WHAT THE EXERCISE ASKS: The full set of lines below has to be written out again exactly.

SOURCE INFORMATION Start Marker

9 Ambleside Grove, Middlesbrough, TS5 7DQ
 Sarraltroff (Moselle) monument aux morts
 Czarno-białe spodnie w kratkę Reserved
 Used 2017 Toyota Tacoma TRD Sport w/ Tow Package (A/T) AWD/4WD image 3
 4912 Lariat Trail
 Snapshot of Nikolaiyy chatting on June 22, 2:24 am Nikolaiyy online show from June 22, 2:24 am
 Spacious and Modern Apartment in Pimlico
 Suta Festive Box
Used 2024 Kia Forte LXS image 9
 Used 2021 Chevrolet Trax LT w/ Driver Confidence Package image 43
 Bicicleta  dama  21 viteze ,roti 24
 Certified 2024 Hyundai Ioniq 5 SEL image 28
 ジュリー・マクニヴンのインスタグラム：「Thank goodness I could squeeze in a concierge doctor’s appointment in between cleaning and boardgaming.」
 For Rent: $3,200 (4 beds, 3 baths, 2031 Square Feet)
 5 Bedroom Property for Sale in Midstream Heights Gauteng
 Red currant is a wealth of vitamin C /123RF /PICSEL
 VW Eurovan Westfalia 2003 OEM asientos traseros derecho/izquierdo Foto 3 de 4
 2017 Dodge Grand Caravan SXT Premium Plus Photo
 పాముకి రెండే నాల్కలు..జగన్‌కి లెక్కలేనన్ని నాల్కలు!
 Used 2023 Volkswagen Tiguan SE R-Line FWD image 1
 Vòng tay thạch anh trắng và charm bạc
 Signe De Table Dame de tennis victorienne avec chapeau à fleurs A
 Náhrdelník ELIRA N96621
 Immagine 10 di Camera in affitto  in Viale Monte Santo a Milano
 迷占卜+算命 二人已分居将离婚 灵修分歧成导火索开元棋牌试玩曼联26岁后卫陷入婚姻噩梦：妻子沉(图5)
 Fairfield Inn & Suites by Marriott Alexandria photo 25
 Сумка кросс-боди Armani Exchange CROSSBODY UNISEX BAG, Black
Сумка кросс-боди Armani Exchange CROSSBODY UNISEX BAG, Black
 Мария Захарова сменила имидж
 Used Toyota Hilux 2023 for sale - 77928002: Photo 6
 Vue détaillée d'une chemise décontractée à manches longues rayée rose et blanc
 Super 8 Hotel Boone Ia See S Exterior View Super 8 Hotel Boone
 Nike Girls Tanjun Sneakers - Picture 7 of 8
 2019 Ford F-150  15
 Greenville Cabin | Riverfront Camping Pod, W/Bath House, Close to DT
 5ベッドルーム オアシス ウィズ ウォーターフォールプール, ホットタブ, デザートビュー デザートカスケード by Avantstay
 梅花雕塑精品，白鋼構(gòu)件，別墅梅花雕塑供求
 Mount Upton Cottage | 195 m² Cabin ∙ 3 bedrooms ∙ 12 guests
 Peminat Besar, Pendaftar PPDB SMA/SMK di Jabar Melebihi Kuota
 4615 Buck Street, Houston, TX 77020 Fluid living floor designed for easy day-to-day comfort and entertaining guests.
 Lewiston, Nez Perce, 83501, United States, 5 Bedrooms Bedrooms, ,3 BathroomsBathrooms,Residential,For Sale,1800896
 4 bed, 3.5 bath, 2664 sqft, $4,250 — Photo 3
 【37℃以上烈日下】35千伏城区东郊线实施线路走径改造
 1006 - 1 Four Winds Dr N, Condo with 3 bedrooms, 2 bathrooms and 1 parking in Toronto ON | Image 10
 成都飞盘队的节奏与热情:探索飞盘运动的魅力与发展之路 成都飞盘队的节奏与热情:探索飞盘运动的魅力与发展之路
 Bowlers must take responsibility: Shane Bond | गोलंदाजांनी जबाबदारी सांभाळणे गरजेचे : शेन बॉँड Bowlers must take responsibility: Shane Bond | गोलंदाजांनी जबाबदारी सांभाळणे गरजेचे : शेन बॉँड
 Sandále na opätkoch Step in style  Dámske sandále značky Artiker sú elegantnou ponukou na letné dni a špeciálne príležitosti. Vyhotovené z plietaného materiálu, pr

SOURCE INFORMATION End Marker

EXERCISE OUTPUT:
9 Ambleside Grove, Middlesbrough, TS5 7DQ
 Sarraltroff (Moselle) monument aux morts
 Czarno-białe spodnie w kratkę Reserved
 Used 2017 Toyota Tacoma TRD Sport w/ Tow Package (A/T) AWD/4WD image 3
 4912 Lariat Trail
 Snapshot of Nikolaiyy chatting on June 22, 2:24 am Nikolaiyy online show from June 22, 2:24 am
 Spacious and Modern Apartment in Pimlico
 Suta Festive Box
Used 2024 Kia Forte LXS image 9
 Used 2021 Chevrolet Trax LT w/ Driver Confidence Package image 43
 Bicicleta  dama  21 viteze ,roti 24
 Certified 2024 Hyundai Ioniq 5 SEL image 28
 ジュリー・マクニヴンのインスタグラム：「Thank goodness I could squeeze in a concierge doctor’s appointment in between cleaning and boardgaming.」
 For Rent: $3,200 (4 beds, 3 baths, 2031 Square Feet)
 5 Bedroom Property for Sale in Midstream Heights Gauteng
 Red currant is a wealth of vitamin C /123RF /PICSEL
 VW Eurovan Westfalia 2003 OEM asientos traseros derecho/izquierdo Foto 3 de 4
 2017 Dodge Grand Caravan SXT Premium Plus Photo
 పాముకి రెండే నాల్కలు..జగన్‌కి లెక్కలేనన్ని నాల్కలు!
 Used 2023 Volkswagen Tiguan SE R-Line FWD image 1
 Vòng tay thạch anh trắng và charm bạc
 Signe De Table Dame de tennis victorienne avec chapeau à fleurs A
 Náhrdelník ELIRA N96621
 Immagine 10 di Camera in affitto  in Viale Monte Santo a Milano
 迷占卜+算命 二人已分居将离婚 灵修分歧成导火索开元棋牌试玩曼联26岁后卫陷入婚姻噩梦：妻子沉(图5)
 Fairfield Inn & Suites by Marriott Alexandria photo 25
 Сумка кросс-боди Armani Exchange CROSSBODY UNISEX BAG, Black
Сумка кросс-боди Armani Exchange CROSSBODY UNISEX BAG, Black
 Мария Захарова сменила имидж
 Used Toyota Hilux 2023 for sale - 77928002: Photo 6
 Vue détaillée d'une chemise décontractée à manches longues rayée rose et blanc
 Super 8 Hotel Boone Ia See S Exterior View Super 8 Hotel Boone
 Nike Girls Tanjun Sneakers - Picture 7 of 8
 2019 Ford F-150  15
 Greenville Cabin | Riverfront Camping Pod, W/Bath House, Close to DT
 5ベッドルーム オアシス ウィズ ウォーターフォールプール, ホットタブ, デザートビュー デザートカスケード by Avantstay
 梅花雕塑精品，白鋼構(gòu)件，別墅梅花雕塑供求
 Mount Upton Cottage | 195 m² Cabin ∙ 3 bedrooms ∙ 12 guests
 Peminat Besar, Pendaftar PPDB SMA/SMK di Jabar Melebihi Kuota
 4615 Buck Street, Houston, TX 77020 Fluid living floor designed for easy day-to-day comfort and entertaining guests.
 Lewiston, Nez Perce, 83501, United States, 5 Bedrooms Bedrooms, ,3 BathroomsBathrooms,Residential,For Sale,1800896
 4 bed, 3.5 bath, 2664 sqft, $4,250 — Photo 3
 【37℃以上烈日下】35千伏城区东郊线实施线路走径改造
 1006 - 1 Four Winds Dr N, Condo with 3 bedrooms, 2 bathrooms and 1 parking in Toronto ON | Image 10
 成都飞盘队的节奏与热情:探索飞盘运动的魅力与发展之路 成都飞盘队的节奏与热情:探索飞盘运动的魅力与发展之路
 Bowlers must take responsibility: Shane Bond | गोलंदाजांनी जबाबदारी सांभाळणे गरजेचे : शेन बॉँड Bowlers must take responsibility: Shane Bond | गोलंदाजांनी जबाबदारी सांभाळणे गरजेचे : शेन बॉँड
 Sandále na opätkoch Step in style  Dámske sandále značky Artiker sú elegantnou ponukou na letné dni a špeciálne príležitosti. Vyhotovené z plietaného materiálu, pr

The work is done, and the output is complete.